The answer is a single number: the count of lines below in which the word "Green" appears.

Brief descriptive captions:
++++
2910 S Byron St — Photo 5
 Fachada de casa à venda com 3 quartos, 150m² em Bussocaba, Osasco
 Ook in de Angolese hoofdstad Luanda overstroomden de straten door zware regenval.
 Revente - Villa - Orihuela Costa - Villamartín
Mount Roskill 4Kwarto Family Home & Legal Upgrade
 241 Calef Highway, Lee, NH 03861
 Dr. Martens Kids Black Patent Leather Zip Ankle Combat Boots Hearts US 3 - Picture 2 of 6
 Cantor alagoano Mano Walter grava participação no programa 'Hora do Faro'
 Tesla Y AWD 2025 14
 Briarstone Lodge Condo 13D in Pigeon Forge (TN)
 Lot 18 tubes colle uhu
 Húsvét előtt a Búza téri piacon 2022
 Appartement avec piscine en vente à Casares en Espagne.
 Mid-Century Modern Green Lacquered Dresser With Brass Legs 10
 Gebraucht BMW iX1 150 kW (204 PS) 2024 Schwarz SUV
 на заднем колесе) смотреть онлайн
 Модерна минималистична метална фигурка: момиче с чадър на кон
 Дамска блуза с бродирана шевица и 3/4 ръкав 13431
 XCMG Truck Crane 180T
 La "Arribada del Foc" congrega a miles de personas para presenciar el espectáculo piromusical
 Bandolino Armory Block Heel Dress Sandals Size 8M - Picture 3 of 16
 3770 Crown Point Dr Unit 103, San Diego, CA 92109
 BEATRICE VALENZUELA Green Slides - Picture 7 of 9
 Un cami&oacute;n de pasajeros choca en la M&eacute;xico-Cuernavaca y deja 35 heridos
++++
Answer below: 2